Exercise prompt. Copy, word for word, the opening line of the data and each line after it until the line that contains "Warm Pumpkin and", which is included. Leave the pictures out.

Records supplied.
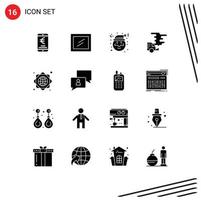 Group of 16 Modern Solid Glyphs Set for worldwide global infrastructure claus pollution emission Editable Vector Design Elements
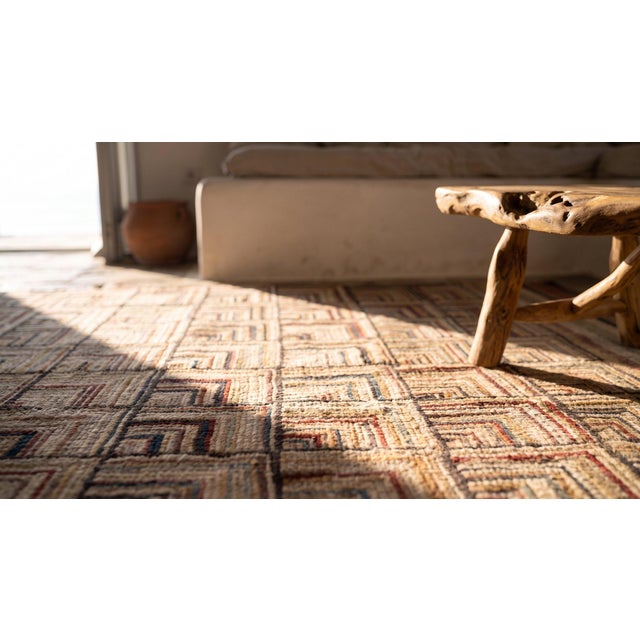 1930s Brown Tridimensional Square Antique American Hooked Rug 4'2" X 6'3" Handknotted Wool Carpet For Sale - Image 9 of 10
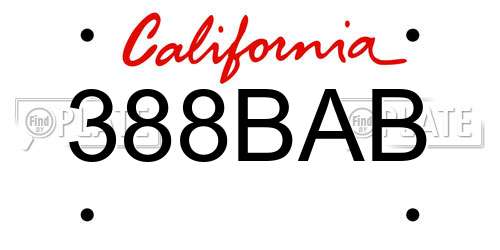 388BAB California License Plate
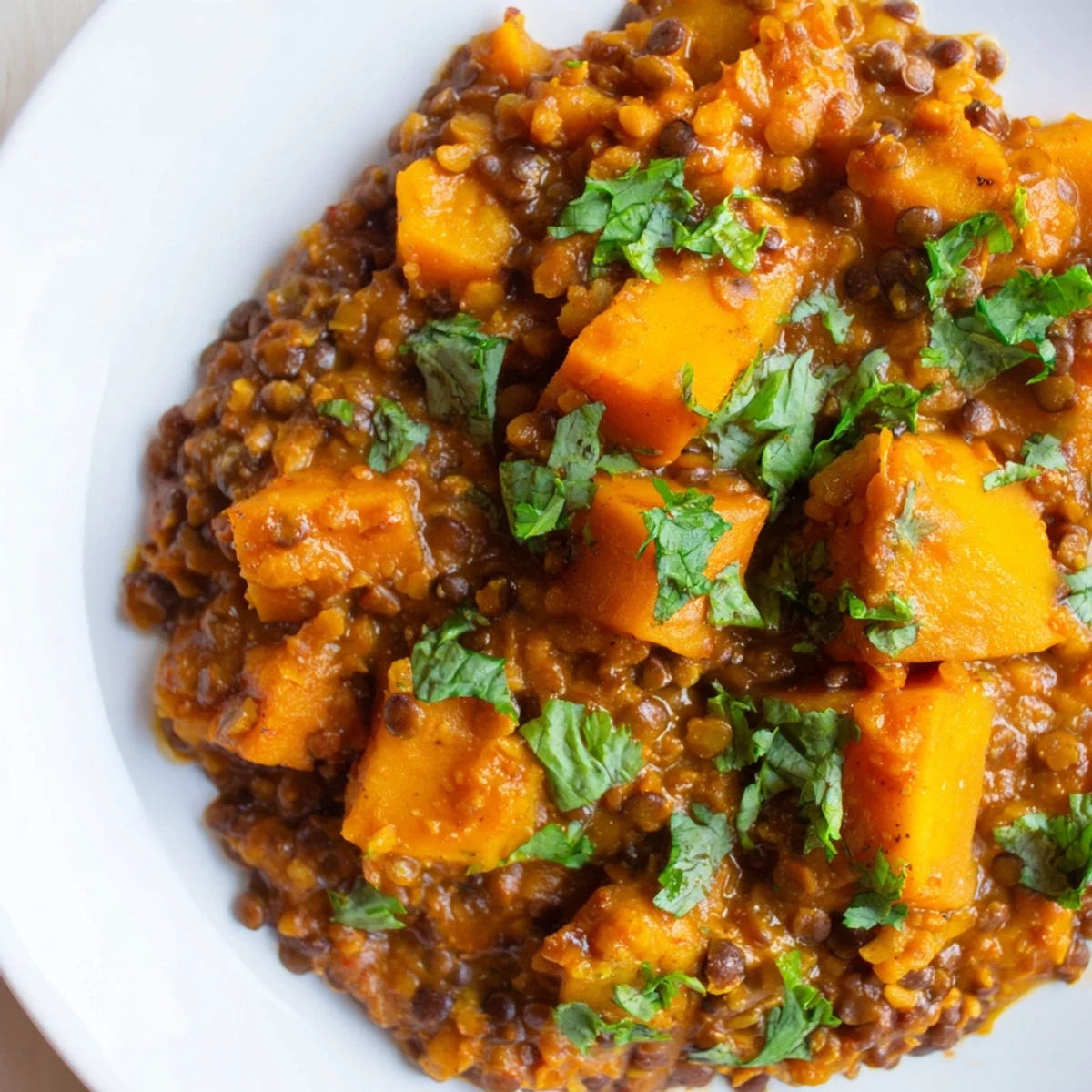 Warm Pumpkin and Lentil Rogan Josh Curry simmering in a pot, with tender pumpkin cubes and hearty lentils in rich, aromatic sauce.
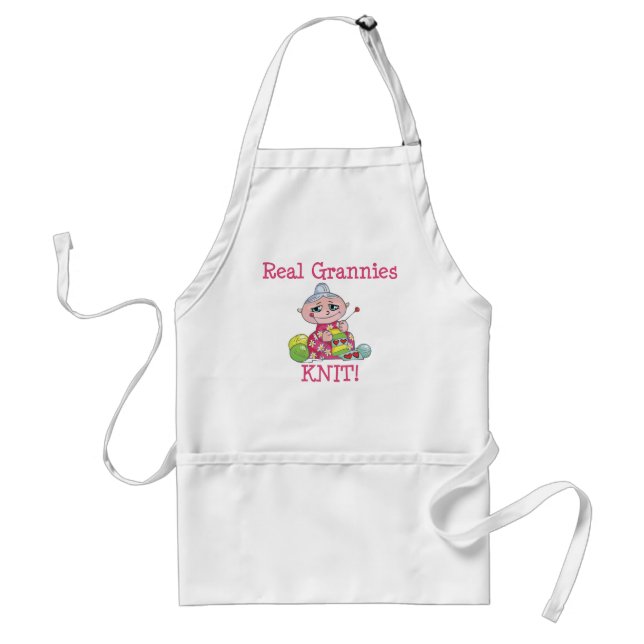 Real Grannies KNIT! Adult Apron (Front)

Exercise result.
 Group of 16 Modern Solid Glyphs Set for worldwide global infrastructure claus pollution emission Editable Vector Design Elements
 1930s Brown Tridimensional Square Antique American Hooked Rug 4'2" X 6'3" Handknotted Wool Carpet For Sale - Image 9 of 10
 388BAB California License Plate
 Warm Pumpkin and Lentil Rogan Josh Curry simmering in a pot, with tender pumpkin cubes and hearty lentils in rich, aromatic sauce.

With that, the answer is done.